Le triptyque La BM du seigneur (2021), en peinture acrylo-vinylique, gravé et doré à la feuille sur panneau de contreplaqué peuplier, a été créé pour l’exposition Buffet des anciens élèves à Villeneuve-Lès-Avignon, dans laquelle il s’agissait d’organiser et de mettre en espace un dialogue inédit entre culture populaire et patrimoine, dans lequel le profane et le sacré se répondaient, en convoquant architecture, expérience des lieux et temps pédagogiques. Ce fut pour lui, l’occasion d’un pas de côté hors de l’Histoire, en interrogeant la relation que les jeunes générations entretiennent avec la notion de patrimoine. « Clin d’œil irrévérencieux[1] » Au Couronnement de la Vierge (1453-1454) de Enguerrand Quarton, chef d’œuvre conservé au Musée Pierre-de-Luxembourg à Villeneuve-lès-Avignon, le triptyque de Pablo Garcia représente une BMW 323i E21 blanche sur sa partie centrale, deux canettes de bière « de rue » (Bavaria 8.6) et une paire de basket (Nike Air Max 90) sur les parties latérales.
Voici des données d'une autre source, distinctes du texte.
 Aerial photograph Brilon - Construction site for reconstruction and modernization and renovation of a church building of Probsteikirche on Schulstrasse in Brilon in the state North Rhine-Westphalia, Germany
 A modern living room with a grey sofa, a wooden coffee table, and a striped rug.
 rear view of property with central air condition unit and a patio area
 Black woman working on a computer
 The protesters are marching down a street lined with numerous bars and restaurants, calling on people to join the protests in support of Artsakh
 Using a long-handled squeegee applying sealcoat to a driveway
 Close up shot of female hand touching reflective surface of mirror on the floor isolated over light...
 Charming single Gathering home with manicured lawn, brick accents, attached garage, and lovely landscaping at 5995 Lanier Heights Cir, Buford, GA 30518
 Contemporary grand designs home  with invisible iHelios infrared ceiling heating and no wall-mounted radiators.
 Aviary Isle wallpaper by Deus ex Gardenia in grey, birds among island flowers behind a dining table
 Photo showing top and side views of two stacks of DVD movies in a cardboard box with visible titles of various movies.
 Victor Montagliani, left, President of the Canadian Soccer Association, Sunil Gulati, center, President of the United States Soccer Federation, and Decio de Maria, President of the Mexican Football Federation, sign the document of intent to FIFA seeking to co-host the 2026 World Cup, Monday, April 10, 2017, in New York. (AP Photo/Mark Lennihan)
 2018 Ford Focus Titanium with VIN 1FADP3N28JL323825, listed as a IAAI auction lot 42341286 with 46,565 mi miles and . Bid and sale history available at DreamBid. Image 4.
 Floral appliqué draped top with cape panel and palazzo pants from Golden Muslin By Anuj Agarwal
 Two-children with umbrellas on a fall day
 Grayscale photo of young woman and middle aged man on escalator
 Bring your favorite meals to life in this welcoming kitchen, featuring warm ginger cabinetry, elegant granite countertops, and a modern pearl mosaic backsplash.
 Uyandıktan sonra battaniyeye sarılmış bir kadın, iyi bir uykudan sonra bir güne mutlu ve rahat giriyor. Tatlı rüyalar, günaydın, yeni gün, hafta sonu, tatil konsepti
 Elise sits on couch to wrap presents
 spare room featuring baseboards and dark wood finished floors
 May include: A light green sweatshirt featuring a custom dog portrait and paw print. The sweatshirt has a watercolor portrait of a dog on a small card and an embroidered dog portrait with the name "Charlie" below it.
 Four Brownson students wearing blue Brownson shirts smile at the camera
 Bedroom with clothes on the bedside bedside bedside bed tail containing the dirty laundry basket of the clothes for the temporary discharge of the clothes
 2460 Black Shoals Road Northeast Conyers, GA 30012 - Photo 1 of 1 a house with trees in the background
Dans le fond doré à la feuille et ornementé, on peut lire une phrase gravée, extraite de la chanson La lettre de Lunatic : « Trahi par la raison quand elle manquait à l’appel ». Le populaire investit ici le patrimoine et l’espace sacré. Les marques sont élevées au rang d’icônes, « le caractère religieux accentue la fétichisation de la marchandise, tout en figurant les symboles d’une forme de contre-pouvoir. Un redécoupage des récits historiques et idéologiques s’opère à travers une sorte de scénario alternatif. Pablo Garcia représente des idoles de son adolescence bercée par l’avènement de la culture hip-hop et de la culture de rue. [2] »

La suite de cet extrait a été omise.